___ SUPPLIED ENTRIES

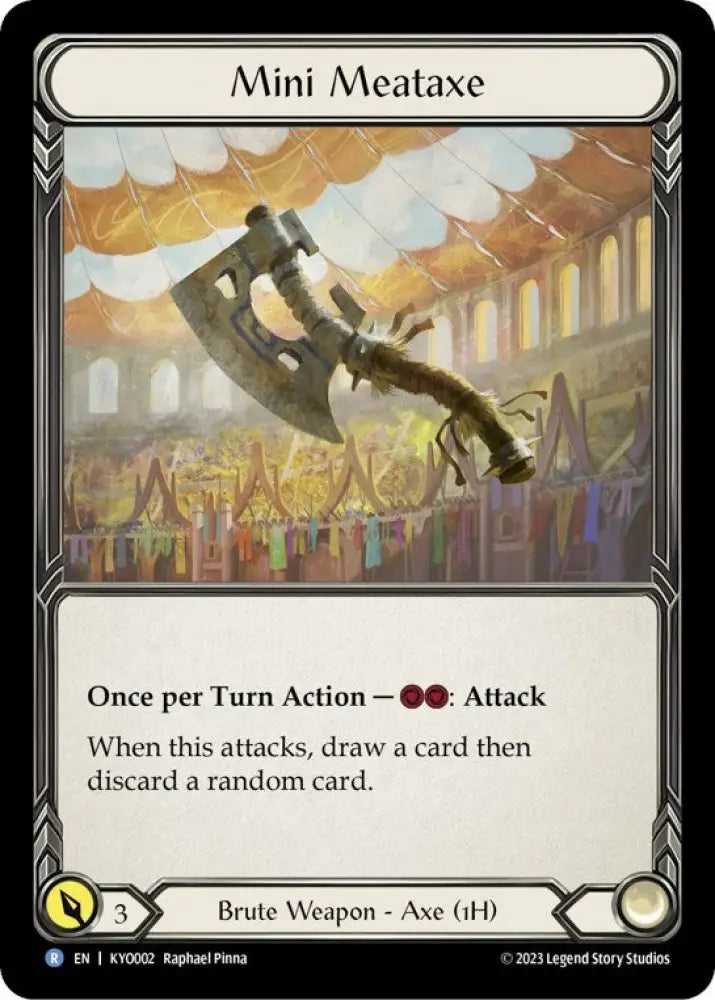 Mini Meataxe [Heavy Hitters] (Kayo Blitz Deck) - Flesh And Blood Single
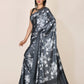 Designer Satin Grey Digital Print Saree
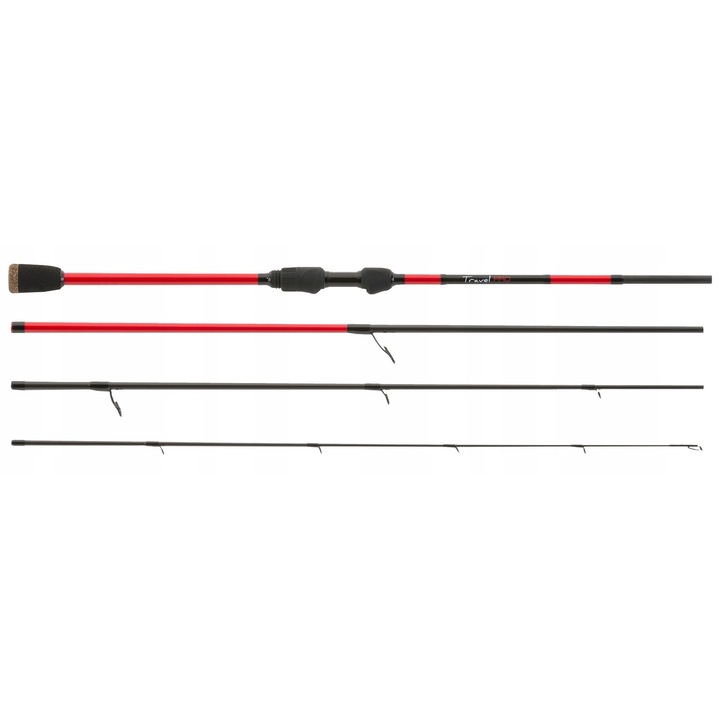 Iron Claw Travel Pro horgászbot, 2,10m, 10-30g, 4 tagú, 59cm szállítási hossz, 24 és 30T karbon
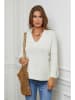 Plume Pullover "Ginette" in Creme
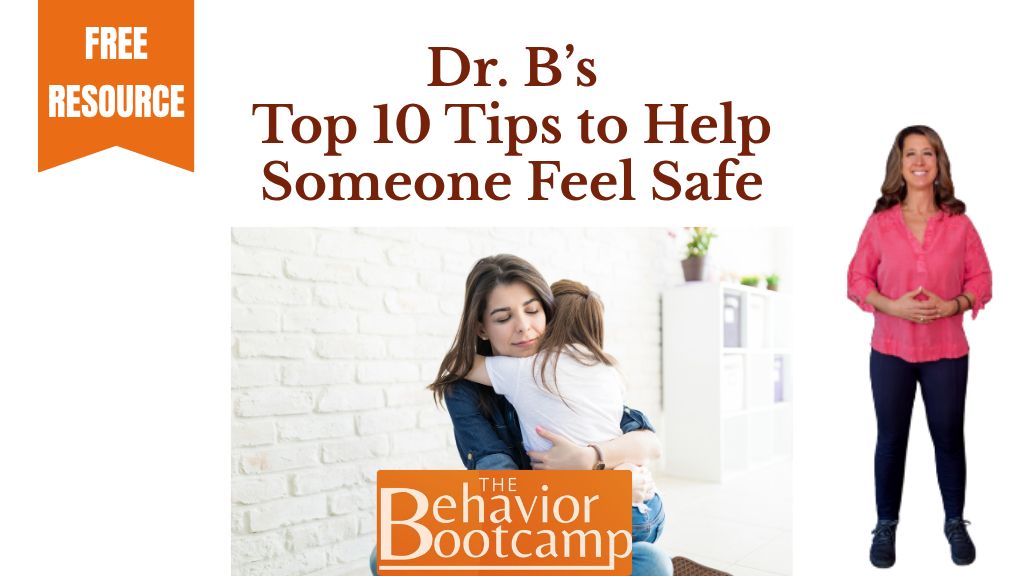 Product image for Dr. B's Top Ten Tips to Help Someone Feel Safe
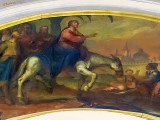 Mural: Jesus on a Donkey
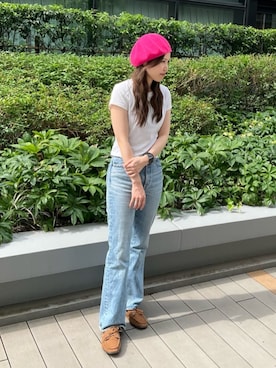 「CA4LA（カシラ）のアイテム」を使った、ca4laさん（レディース・160cm）の夏コーディネート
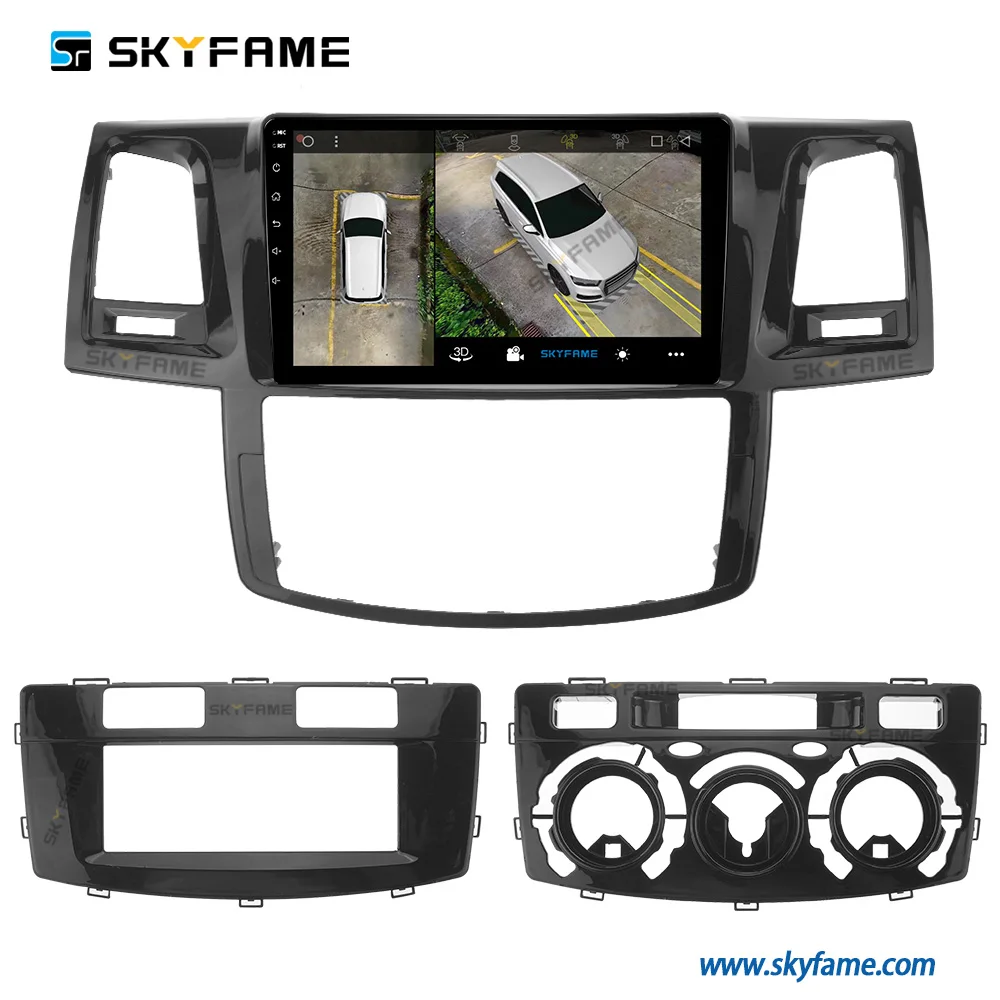 SKYFAME Car Fascia Frame Adapter Android Radio Dash Fitting Panel Kit For Toyota Vigo Hilux Fortuner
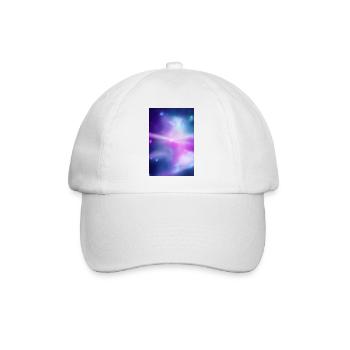 Galaxie Bild - Baseballkappe - Weiß/Weiß - Vorne
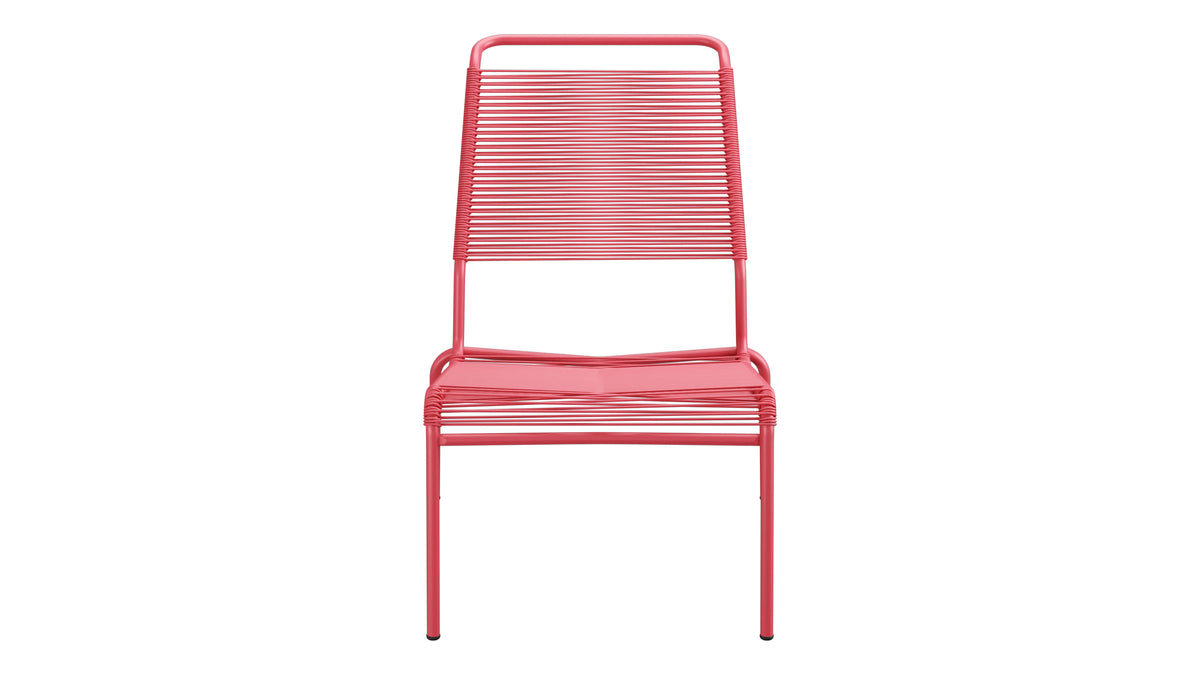 Säntis Spaghetti-Lounger ohne Armlehne Hochlehner in Ahornrot präsentiert im Onlineshop von KAQTU Design AG. Outdoor-Sessel ist von Schaffner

______

EXERCISE AIM
In the answer, repeat exactly the lines from the top of the entries above through the line with "SKYFAME Car Fascia", and leave pictures out of it.

WRITTEN RESPONSE
 Mini Meataxe [Heavy Hitters] (Kayo Blitz Deck) - Flesh And Blood Single
 Designer Satin Grey Digital Print Saree
 Iron Claw Travel Pro horgászbot, 2,10m, 10-30g, 4 tagú, 59cm szállítási hossz, 24 és 30T karbon
 Plume Pullover "Ginette" in Creme
 Product image for Dr. B's Top Ten Tips to Help Someone Feel Safe
 Mural: Jesus on a Donkey
 「CA4LA（カシラ）のアイテム」を使った、ca4laさん（レディース・160cm）の夏コーディネート
 SKYFAME Car Fascia Frame Adapter Android Radio Dash Fitting Panel Kit For Toyota Vigo Hilux Fortuner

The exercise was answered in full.